CREATE TABLE my_dataset.orders_completed (
order_id STRING, -- strongly recommended for reconciliation
customer_id STRING, -- join to user
event_timestamp DATETIME, -- order completion time (UTC)
monetary FLOAT64, -- total order value
currency STRING, -- ISO 4217 code
basket JSON, -- products purchased
payment_method STRING, -- credit card, PayPal, etc.
shipping_country STRING, -- country of delivery
transaction_status STRING -- e.g. completed, refunded
);

Order ID is not required by BPP models, but it is strongly recommended for ad-platform integrations (Google/Meta value bidding).

Basket JSON structure

[
{
"product_id": "SKU_12345",
"product_name": "Running Shoes X",
"brand": "Nike",
"product_category": "Shoes||Running",
"product_quantity": 1,
"product_price": 89.99
},
{
"product_id": "SKU_67890",
"product_name": "Training T-Shirt",
"brand": "Adidas",
"product_category": "Apparel||Tops",
"product_quantity": 2,
"product_price": 25.00
}
]
  • Categories can be hierarchical using ||.
  • At least product_id, product_quantity, and product_price are mandatory.
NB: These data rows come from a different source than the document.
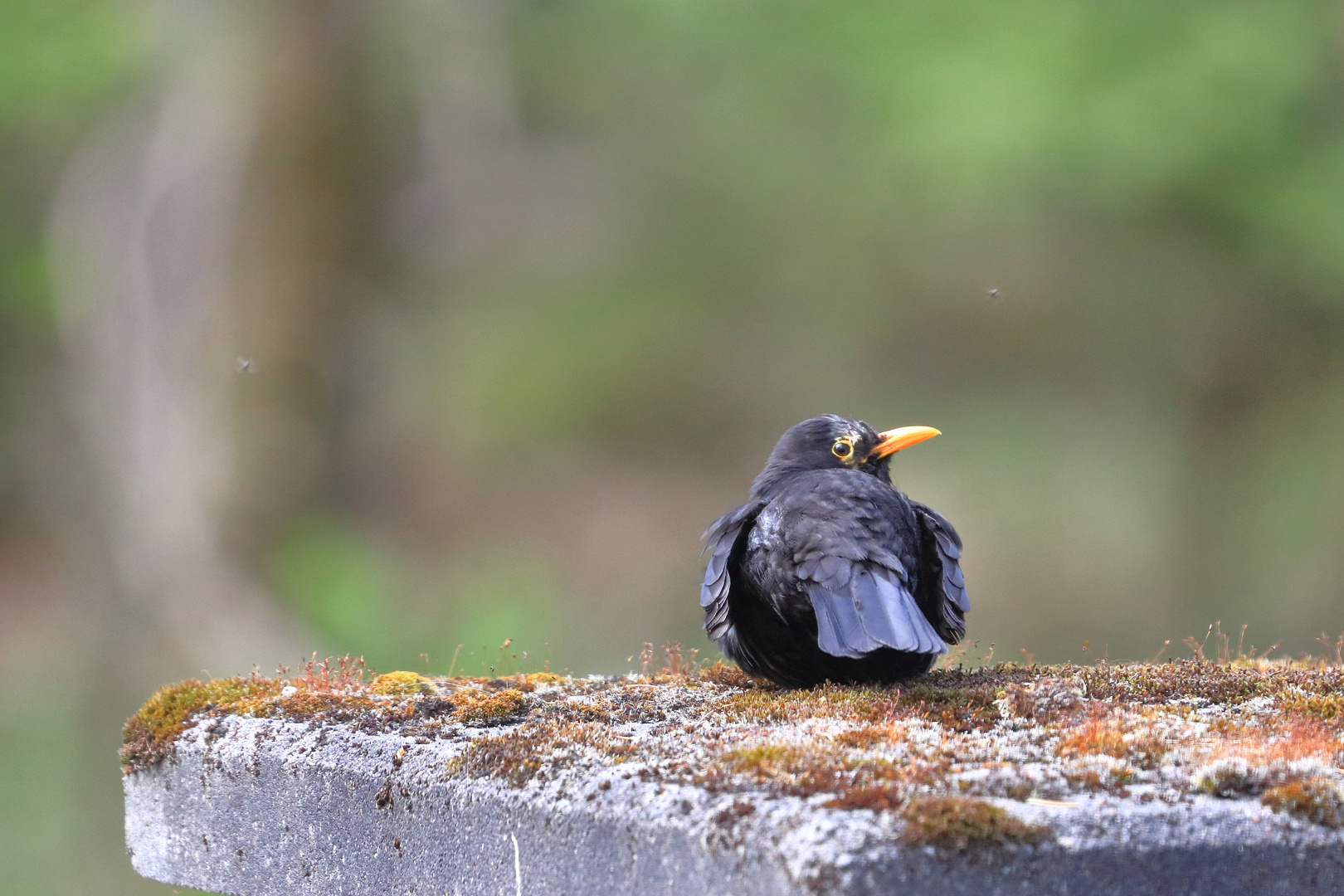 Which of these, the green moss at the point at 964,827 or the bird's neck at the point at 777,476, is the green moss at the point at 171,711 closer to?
the bird's neck at the point at 777,476

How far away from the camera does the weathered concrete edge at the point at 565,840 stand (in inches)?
82.1

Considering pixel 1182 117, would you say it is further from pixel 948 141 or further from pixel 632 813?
pixel 632 813

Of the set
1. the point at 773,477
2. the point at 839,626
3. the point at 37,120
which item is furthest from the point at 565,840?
the point at 37,120

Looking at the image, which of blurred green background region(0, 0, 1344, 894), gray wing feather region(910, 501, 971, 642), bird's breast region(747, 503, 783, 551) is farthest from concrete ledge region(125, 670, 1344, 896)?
blurred green background region(0, 0, 1344, 894)

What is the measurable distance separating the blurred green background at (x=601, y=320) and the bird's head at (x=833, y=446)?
14.3 feet

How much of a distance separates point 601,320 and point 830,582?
9820 millimetres

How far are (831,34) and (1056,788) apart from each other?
10003mm

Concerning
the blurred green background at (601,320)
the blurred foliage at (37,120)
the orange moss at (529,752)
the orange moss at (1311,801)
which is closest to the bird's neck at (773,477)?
the orange moss at (529,752)

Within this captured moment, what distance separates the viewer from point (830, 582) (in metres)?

3. Event table — Web behavioural events

CREATE TABLE my_dataset.web_events (
event_id STRING,
event_timestamp DATETIME,
customer_id STRING,
event_type STRING, -- e.g. pageview, add_to_cart, checkout_start
page_url STRING, -- absolute URL, incl. https://
referrer STRING, -- referral URL if available
device_class STRING, -- desktop, mobile, tablet
browser STRING, -- browser name
country STRING,
gclid STRING, -- if from Google Ads click
gbraid STRING, -- if from iOS Safari traffic
wbraid STRING -- if from Android traffic
);

Do

  • Use absolute page URLs for topic/interest classification.
  • Capture click IDs (gclid, wbraid, gbraid) for ad matching.
  • Track device class & browser for behaviour-based features.

Don't

  • Overwrite events — 1 row = 1 event with its own timestamp.
  • Truncate URLs — you'll lose query params critical for attribution.

Do & don't summary

✅ Do❌ Don't
Use immutable facts (orders completed or status history)Overwrite order rows with new statuses
Store transaction_id for reconciliation & adsDrop transaction_id — debugging & bidding will fail
Include absolute URLs in behavioural dataKeep only page titles — topic classification won't work
Capture gclid/gbraid/wbraid click IDsDrop attribution parameters
Hash PII with SHA-256 (Google/Meta rules)Hash incorrectly (wrong casing, whitespace, Gmail dots)

Why this matters

  • Immutable order history keeps pcLTV and RFM calculations accurate.
  • Granular behavioural events power Action Prediction and Interest Analysis.
  • Consistent identifiers (hashed email, cookies, CRM IDs) enable ad-platform matching.
  • Pre-aggregated user features make model training faster and more accurate.